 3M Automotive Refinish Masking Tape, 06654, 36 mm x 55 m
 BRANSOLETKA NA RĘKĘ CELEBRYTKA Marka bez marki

...

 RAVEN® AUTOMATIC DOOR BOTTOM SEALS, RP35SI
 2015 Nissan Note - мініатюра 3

--

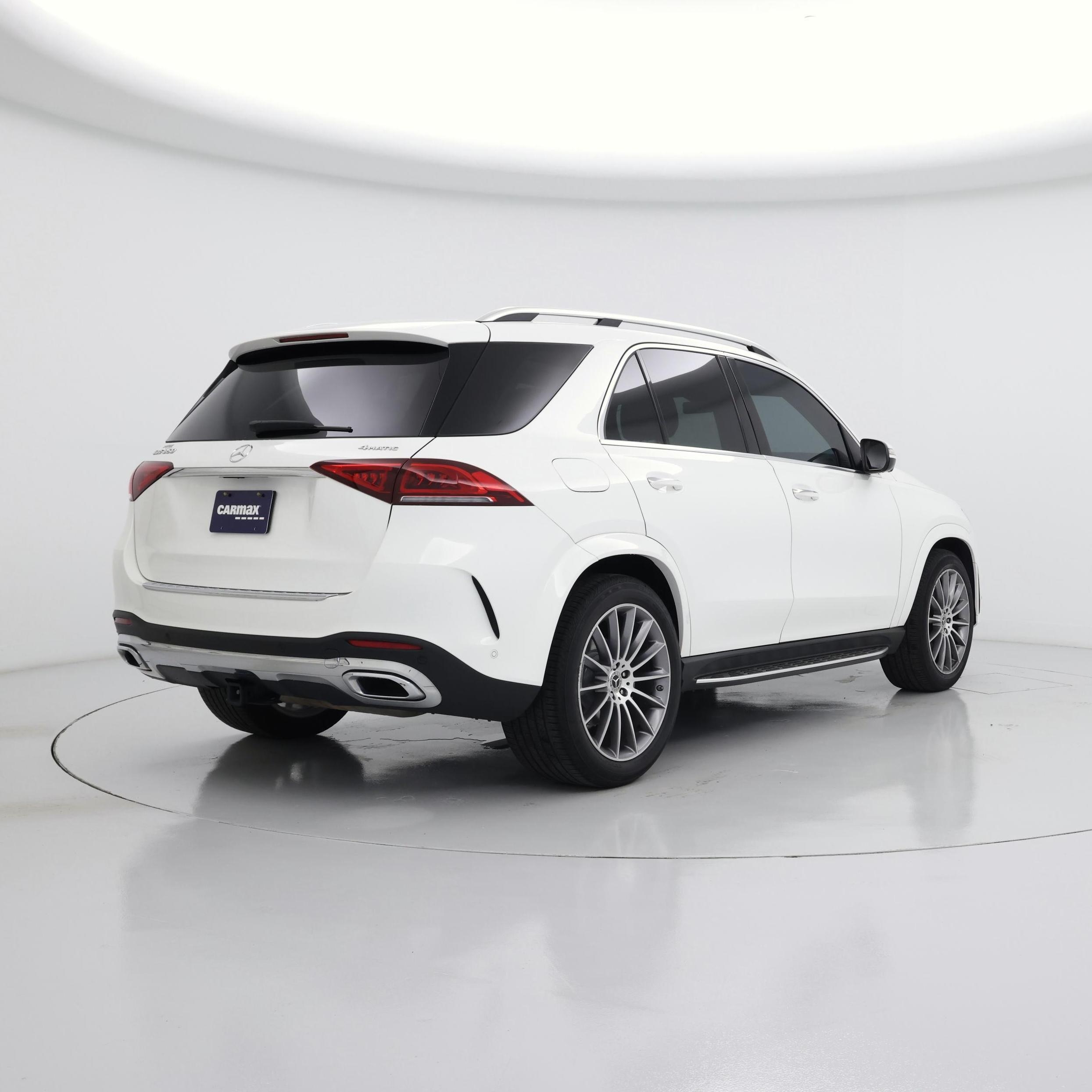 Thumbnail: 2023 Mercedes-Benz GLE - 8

◆ EXERCISE DIRECTIONS:
Repeat word for word the lines above that run from the line containing "3M Automotive Refinish" through the line containing "BRANSOLETKA NA RĘKĘ", both ends included, and nothing else.

◆ TASK RESULT:
 3M Automotive Refinish Masking Tape, 06654, 36 mm x 55 m
 BRANSOLETKA NA RĘKĘ CELEBRYTKA Marka bez marki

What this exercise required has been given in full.